When the truth began to come out, Oprah at first defended her author. Ultimately, however, the weight of the evidence convinced her that she’d been duped. Yesterday Frey appeared on her show again, along with his publisher, Nan Talese, and Oprah excoriated both of them for playing fast and loose with the truth.

My own view of this runs along the same lines as Oprah’s: they’re both guilty; the author of fraud and the publisher of laziness. However, it started me thinking about the kind of embellishment and fantasy that turned Frey from a normal, spoiled frat boy to a swaggering, brawling, drunken, drug-addicted, dangerous BADASS! In fact, the whole thing started to sound familiar to me.
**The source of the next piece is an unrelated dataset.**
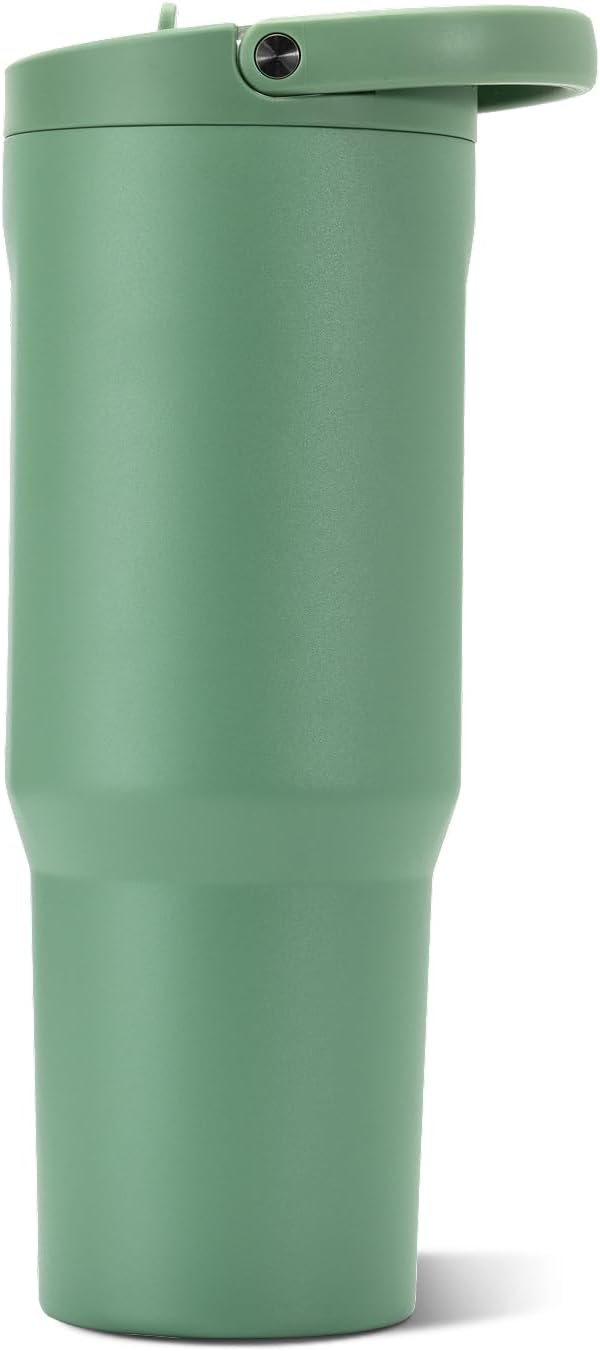 HydroJug Sport 32 oz Insulated Stainless Steel Water Bottle, Sage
Maybe it does to you, too.

We’ve all known people who can’t seem to tell a straight story. From early childhood we’re exposed to kids who tell whoppers and snowjobs in the vein of Dr. Seuss’ And To Think That I Saw It On Mulberry Street! I went to kindergarten with a girl named Joy who used to tell me tall tales about a boyfriend who took her out driving every evening: “And don’t you dare try to fodder us! ‘Cause Leslie’s got a real fast car!” Yeah, I probably wouldn’t be able to keep up on my roller skates. *rolls eyes* These storytellers become fewer and farther between as we get older, because most of them grow out of it; but I ran into a few while in my teens. I remember one guy who would tell the most outlandish yarns about what he’d been doing since I last saw him – frequently involving travel “out of the state” and martial arts training by government agents.
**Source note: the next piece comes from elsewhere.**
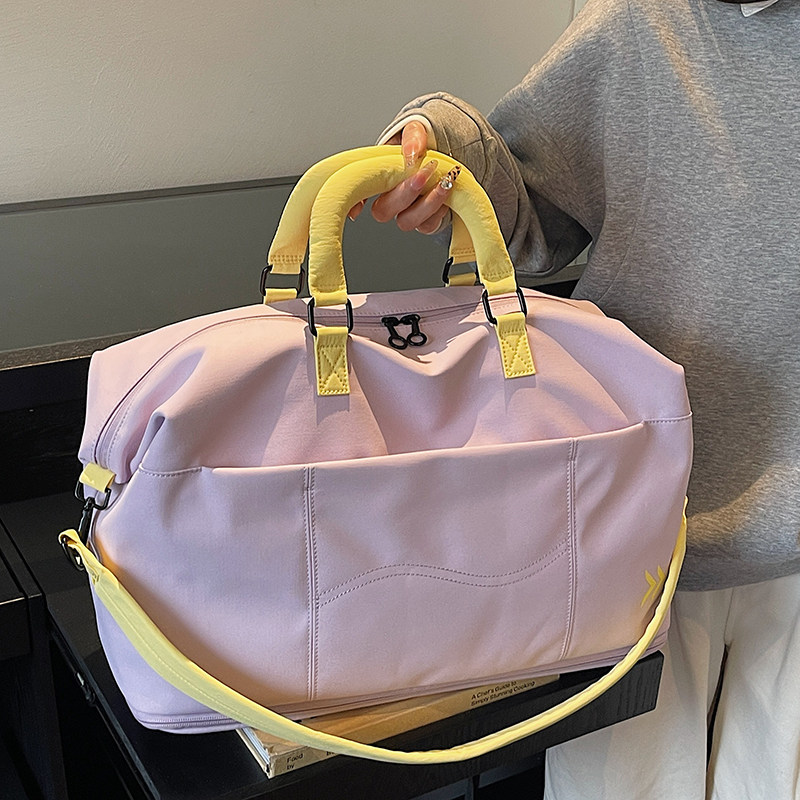 Large-capacity fashionable short-distance travel bag, women's business trip lightweight luggage bag, men's portable expansion storage sports fitness bag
By the time we reach adulthood these compulsive liars have become pretty rare, and really stand out when we do encounter them. If anyone ever asks me about my most unforgettable character, I’ll tell them about “Roy”. I met him in college and later worked with him, and he used to sit in my office, chain-smoking cigarettes and squashing them out in the big green glass ashtray on my desk, and talking to me about his collection of assault weapons, or his former job as a bodyguard for a Mafioso, or what he heard last night while listening in on his neighbors with a parabolic antenna.
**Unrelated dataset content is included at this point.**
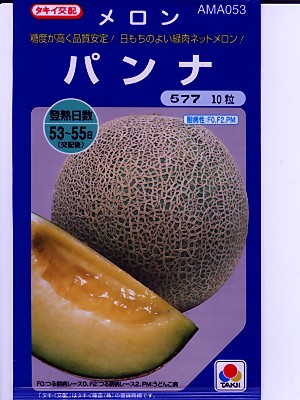 楽天市場】メロン種 タキイ交配パンナ タキイ種苗のネットメロン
So yeah, James Frey’s fantasized story sounds familiar to me, because I’ve heard it before. The only difference between him and Roy is that Roy didn’t write it down and call it a memoir, and get it published. Which makes me wonder: do these people believe their own tall tales? Frey did make an effort to cover up the true nature of his past, which indicates awareness of the fraud. But it seems to me that it would take more than just nerve to write something like that up and publish it as a book, knowing that so many people would remember him, the events he described, and the truth, or lack of it, thereof. It indicates a pathology that goes beyond spinning yarns for friends and relatives, a need for -- validation? To prove to himself that it really happened that way? Hard to say. At any rate, I don’t plan to read the book. As often happens, the truth (as found at The Smoking Gun) is stranger, and more interesting, than fiction.